Work item ▸ Taking the listing below, restate word for word each line from the line with "Dachstein beige-zwarte wandelschoen" to the line with "Christian Robinson Target", ends included, and stop there.

==========

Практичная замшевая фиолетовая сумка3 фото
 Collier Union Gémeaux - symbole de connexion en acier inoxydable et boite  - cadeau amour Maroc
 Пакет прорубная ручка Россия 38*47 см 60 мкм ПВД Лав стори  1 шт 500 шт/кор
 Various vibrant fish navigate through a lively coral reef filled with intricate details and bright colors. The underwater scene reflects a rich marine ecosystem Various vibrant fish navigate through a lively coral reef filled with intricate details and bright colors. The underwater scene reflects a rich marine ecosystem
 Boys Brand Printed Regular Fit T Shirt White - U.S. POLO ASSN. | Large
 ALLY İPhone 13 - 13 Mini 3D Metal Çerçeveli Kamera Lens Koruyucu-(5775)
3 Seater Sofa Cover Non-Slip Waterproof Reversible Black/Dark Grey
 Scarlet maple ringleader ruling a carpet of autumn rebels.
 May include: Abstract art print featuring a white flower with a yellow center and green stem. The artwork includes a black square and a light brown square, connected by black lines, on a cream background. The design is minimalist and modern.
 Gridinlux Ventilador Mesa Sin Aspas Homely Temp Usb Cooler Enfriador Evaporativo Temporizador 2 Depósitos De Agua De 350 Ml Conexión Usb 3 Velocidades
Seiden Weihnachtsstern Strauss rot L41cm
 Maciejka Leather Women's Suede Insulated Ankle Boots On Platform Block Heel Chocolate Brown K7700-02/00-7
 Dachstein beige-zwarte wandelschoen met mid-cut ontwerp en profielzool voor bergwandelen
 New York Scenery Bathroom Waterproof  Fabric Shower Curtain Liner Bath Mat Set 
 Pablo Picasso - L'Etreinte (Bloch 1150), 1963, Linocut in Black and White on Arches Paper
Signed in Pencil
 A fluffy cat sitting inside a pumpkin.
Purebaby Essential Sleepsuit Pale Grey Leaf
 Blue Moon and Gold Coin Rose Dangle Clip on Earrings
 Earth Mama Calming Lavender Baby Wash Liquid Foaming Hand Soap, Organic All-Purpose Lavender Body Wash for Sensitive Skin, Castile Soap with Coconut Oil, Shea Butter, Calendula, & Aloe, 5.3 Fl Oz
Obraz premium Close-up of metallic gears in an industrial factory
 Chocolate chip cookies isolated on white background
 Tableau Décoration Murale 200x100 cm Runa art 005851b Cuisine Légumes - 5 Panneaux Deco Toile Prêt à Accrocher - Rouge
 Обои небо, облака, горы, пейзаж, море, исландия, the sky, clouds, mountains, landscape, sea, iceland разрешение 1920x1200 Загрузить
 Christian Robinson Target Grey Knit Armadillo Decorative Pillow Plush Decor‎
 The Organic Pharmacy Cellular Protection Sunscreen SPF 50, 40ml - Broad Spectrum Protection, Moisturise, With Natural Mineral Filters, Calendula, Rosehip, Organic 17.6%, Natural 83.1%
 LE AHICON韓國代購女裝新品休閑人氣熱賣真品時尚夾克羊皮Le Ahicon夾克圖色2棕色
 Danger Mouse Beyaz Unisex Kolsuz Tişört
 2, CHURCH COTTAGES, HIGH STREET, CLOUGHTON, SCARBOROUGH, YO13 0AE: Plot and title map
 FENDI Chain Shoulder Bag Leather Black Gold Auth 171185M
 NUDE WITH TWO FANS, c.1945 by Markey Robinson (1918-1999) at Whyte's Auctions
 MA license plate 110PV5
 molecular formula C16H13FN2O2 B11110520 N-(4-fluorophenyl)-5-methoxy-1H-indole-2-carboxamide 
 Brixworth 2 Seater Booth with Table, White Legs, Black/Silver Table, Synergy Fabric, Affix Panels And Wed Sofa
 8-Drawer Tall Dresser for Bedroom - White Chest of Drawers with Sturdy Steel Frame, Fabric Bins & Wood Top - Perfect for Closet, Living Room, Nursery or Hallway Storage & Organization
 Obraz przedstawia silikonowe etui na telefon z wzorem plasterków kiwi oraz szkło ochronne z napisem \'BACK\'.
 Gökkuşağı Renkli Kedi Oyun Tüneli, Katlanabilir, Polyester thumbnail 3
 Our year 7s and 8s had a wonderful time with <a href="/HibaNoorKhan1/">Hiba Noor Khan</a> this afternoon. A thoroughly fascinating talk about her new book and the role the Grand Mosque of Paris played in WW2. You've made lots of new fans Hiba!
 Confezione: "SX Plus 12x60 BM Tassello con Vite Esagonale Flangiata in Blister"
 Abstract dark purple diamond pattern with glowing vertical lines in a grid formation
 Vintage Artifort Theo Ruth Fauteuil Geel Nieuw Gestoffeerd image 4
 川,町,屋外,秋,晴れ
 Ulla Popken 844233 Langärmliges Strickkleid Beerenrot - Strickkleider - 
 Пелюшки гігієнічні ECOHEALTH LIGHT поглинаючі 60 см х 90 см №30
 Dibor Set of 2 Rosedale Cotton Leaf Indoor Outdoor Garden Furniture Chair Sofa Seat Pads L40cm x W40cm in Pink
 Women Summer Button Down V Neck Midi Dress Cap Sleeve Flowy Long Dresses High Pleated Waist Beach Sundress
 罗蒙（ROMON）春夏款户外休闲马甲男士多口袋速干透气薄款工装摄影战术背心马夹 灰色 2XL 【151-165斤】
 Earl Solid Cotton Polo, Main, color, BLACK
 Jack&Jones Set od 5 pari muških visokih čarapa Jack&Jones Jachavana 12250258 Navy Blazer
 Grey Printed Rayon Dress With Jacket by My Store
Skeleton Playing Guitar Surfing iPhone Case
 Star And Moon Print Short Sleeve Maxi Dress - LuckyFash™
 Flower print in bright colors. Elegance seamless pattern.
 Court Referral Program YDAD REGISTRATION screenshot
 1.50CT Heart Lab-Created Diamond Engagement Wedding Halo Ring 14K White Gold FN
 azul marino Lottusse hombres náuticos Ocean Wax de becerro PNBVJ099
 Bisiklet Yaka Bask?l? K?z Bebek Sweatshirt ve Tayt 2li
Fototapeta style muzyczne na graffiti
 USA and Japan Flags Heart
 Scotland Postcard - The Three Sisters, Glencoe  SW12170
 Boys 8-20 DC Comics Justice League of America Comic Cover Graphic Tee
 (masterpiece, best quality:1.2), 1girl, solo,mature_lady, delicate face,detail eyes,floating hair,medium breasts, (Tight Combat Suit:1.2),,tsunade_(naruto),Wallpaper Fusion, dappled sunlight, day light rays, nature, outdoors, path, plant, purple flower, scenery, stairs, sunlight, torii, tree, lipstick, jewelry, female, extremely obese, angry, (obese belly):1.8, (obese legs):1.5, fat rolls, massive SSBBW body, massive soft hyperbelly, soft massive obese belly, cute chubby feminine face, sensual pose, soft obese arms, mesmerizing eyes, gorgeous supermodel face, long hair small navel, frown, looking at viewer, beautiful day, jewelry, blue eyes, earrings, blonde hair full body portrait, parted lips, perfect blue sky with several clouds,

==========

Result for this task ▸
 Dachstein beige-zwarte wandelschoen met mid-cut ontwerp en profielzool voor bergwandelen
 New York Scenery Bathroom Waterproof  Fabric Shower Curtain Liner Bath Mat Set 
 Pablo Picasso - L'Etreinte (Bloch 1150), 1963, Linocut in Black and White on Arches Paper
Signed in Pencil
 A fluffy cat sitting inside a pumpkin.
Purebaby Essential Sleepsuit Pale Grey Leaf
 Blue Moon and Gold Coin Rose Dangle Clip on Earrings
 Earth Mama Calming Lavender Baby Wash Liquid Foaming Hand Soap, Organic All-Purpose Lavender Body Wash for Sensitive Skin, Castile Soap with Coconut Oil, Shea Butter, Calendula, & Aloe, 5.3 Fl Oz
Obraz premium Close-up of metallic gears in an industrial factory
 Chocolate chip cookies isolated on white background
 Tableau Décoration Murale 200x100 cm Runa art 005851b Cuisine Légumes - 5 Panneaux Deco Toile Prêt à Accrocher - Rouge
 Обои небо, облака, горы, пейзаж, море, исландия, the sky, clouds, mountains, landscape, sea, iceland разрешение 1920x1200 Загрузить
 Christian Robinson Target Grey Knit Armadillo Decorative Pillow Plush Decor‎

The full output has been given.